From UPSC perspective, the following things are important :
Prelims level : APMC Act
Mains level : Paper 3- Agri bills and their implications for the farmers.
Agri-bill passed by the Parliament resulted in the protest from farmers from several states. The bills have also been challenged on the legal footing as well. This article explains how the bills will benefit the farmers and also examines the legal basis used for their passage.
States trying to nullify the agri bills passed by Parliament
- Parliament has passed three bills on agriculture reform. This has evoked protests, largely in Punjab and Haryana.
- Taking recourse to Article 254 of the Constitution, the Punjab government has passed its own bills to nullify some provisions of the central acts.
- Similar action by the Chhattisgarh and Rajasthan governments seems to be on the anvil.
Legal justification for Parliament passing the laws related to agriculture
- The Constitution has placed agriculture on the state list.
- Various petitions have also been filed in the Supreme Court claiming that the central laws infringe upon the jurisdiction of state governments.
- However, it is the Centre which decides and announces support prices for major crops for the entire country.
- It also decides issues such as bank loan waivers.
- International agreements and multilateral trade in agricultural products also fall in the Union government’s domain.
- Agricultural and dairy products, in fact, had a prominent role in India not joining the Regional Comprehensive Economic Partnership (RCEP).
- Entry 33 in the concurrent list limits the power of states in agriculture, by empowering both governments to legislate on production, trade and supply of a range of agricultural foodstuffs and raw material.
Use of Article 254 to bypass Central law
- The Punjab bill has set in motion the process of states taking refuge under Article 254 to pass their own pieces of legislation.
- All state bills that seek to nullify central acts have to be approved by the President after they have received the consent of the governor of the state.

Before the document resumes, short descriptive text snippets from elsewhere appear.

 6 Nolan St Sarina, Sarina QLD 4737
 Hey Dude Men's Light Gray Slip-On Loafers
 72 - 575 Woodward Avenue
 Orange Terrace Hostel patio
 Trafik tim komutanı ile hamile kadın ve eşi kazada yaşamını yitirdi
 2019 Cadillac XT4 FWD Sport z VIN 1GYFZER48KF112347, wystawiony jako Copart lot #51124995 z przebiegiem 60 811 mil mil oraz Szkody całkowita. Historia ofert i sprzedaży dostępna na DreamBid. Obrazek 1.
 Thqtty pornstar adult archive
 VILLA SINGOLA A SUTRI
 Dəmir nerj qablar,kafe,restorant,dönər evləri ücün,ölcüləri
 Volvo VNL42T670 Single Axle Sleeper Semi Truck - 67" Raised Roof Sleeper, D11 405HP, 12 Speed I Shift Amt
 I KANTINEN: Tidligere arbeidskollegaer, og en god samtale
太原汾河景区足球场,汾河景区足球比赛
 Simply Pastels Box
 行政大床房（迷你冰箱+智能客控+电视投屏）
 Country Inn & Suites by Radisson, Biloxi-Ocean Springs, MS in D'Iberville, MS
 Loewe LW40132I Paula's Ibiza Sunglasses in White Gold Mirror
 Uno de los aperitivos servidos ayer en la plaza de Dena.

- Reformist chief ministers and astute policy planners should grab this opportunity and encourage investment in private infrastructure to create supply chains and give the farmer the benefit of demand-led prices.
- They should also take appropriate action to create institutional mechanisms, such as farmer producer organisations or aggregators, to ensure greater farmer participation.
It would be in the interests of the farming community and state governments to give the much-delayed reform measures a fair chance by giving them access to competitive purchases, affording better prices.